— Exercise objective —
In the listing below, the answer starts at the line that has "A restaurant with" and stops after the line that has "Junger schöner Mann"; please repeat that part exactly and nothing more.

— Input records —
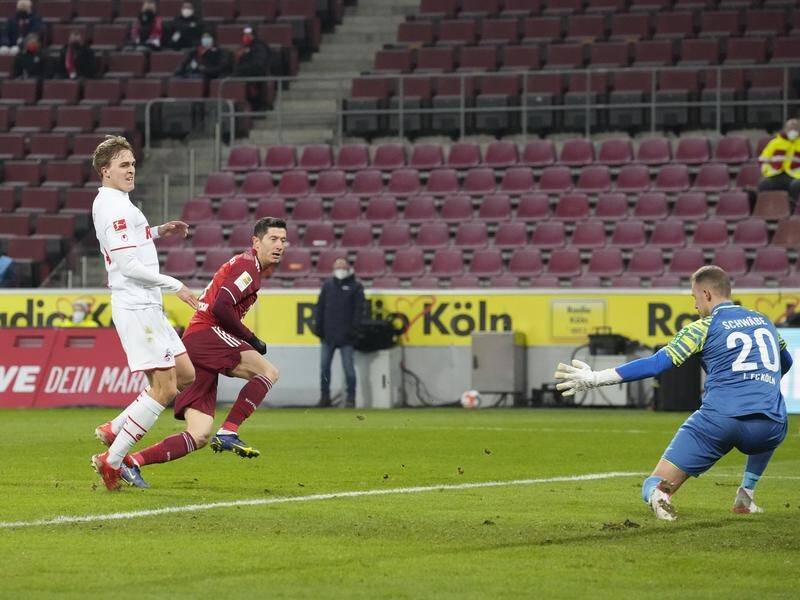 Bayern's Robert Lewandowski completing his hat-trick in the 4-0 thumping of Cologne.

==

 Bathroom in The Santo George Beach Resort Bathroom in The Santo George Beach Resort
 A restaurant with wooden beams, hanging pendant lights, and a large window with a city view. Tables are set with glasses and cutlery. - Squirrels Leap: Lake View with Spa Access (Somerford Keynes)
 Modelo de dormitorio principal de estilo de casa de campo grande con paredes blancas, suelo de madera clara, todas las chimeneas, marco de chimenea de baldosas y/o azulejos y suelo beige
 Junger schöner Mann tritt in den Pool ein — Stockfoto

— Answer area —
 A restaurant with wooden beams, hanging pendant lights, and a large window with a city view. Tables are set with glasses and cutlery. - Squirrels Leap: Lake View with Spa Access (Somerford Keynes)
 Modelo de dormitorio principal de estilo de casa de campo grande con paredes blancas, suelo de madera clara, todas las chimeneas, marco de chimenea de baldosas y/o azulejos y suelo beige
 Junger schöner Mann tritt in den Pool ein — Stockfoto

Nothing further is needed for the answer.